• WHAT IS BEING ASKED: All that should appear is the line containing "Image de EVIAN 6X1.5L - COLIS" and the lines after it in the records below, each reproduced exactly.

--- EXTRACTED MATERIAL ---

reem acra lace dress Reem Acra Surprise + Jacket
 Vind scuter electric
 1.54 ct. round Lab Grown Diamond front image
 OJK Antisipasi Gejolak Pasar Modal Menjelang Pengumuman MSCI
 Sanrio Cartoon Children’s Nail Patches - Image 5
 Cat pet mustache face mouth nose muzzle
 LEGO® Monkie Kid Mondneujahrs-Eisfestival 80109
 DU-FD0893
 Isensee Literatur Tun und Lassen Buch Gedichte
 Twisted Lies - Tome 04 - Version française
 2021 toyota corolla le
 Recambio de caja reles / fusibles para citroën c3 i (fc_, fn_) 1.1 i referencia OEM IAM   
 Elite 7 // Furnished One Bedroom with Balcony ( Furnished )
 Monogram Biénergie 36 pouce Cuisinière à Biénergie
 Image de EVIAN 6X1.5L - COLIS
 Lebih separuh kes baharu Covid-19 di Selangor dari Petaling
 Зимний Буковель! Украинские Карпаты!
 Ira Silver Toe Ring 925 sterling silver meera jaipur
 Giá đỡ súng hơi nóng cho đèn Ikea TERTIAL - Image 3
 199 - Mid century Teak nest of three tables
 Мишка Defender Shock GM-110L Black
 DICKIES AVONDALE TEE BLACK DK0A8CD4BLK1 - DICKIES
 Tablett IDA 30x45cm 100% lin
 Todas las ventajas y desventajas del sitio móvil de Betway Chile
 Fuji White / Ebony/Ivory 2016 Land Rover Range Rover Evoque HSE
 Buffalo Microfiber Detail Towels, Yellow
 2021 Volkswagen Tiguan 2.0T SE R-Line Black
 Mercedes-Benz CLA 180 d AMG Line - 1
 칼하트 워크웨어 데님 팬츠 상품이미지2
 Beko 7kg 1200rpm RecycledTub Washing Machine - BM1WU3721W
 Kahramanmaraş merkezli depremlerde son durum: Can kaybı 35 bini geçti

---

• WRITTEN ANSWER:
 Image de EVIAN 6X1.5L - COLIS
 Lebih separuh kes baharu Covid-19 di Selangor dari Petaling
 Зимний Буковель! Украинские Карпаты!
 Ira Silver Toe Ring 925 sterling silver meera jaipur
 Giá đỡ súng hơi nóng cho đèn Ikea TERTIAL - Image 3
 199 - Mid century Teak nest of three tables
 Мишка Defender Shock GM-110L Black
 DICKIES AVONDALE TEE BLACK DK0A8CD4BLK1 - DICKIES
 Tablett IDA 30x45cm 100% lin
 Todas las ventajas y desventajas del sitio móvil de Betway Chile
 Fuji White / Ebony/Ivory 2016 Land Rover Range Rover Evoque HSE
 Buffalo Microfiber Detail Towels, Yellow
 2021 Volkswagen Tiguan 2.0T SE R-Line Black
 Mercedes-Benz CLA 180 d AMG Line - 1
 칼하트 워크웨어 데님 팬츠 상품이미지2
 Beko 7kg 1200rpm RecycledTub Washing Machine - BM1WU3721W
 Kahramanmaraş merkezli depremlerde son durum: Can kaybı 35 bini geçti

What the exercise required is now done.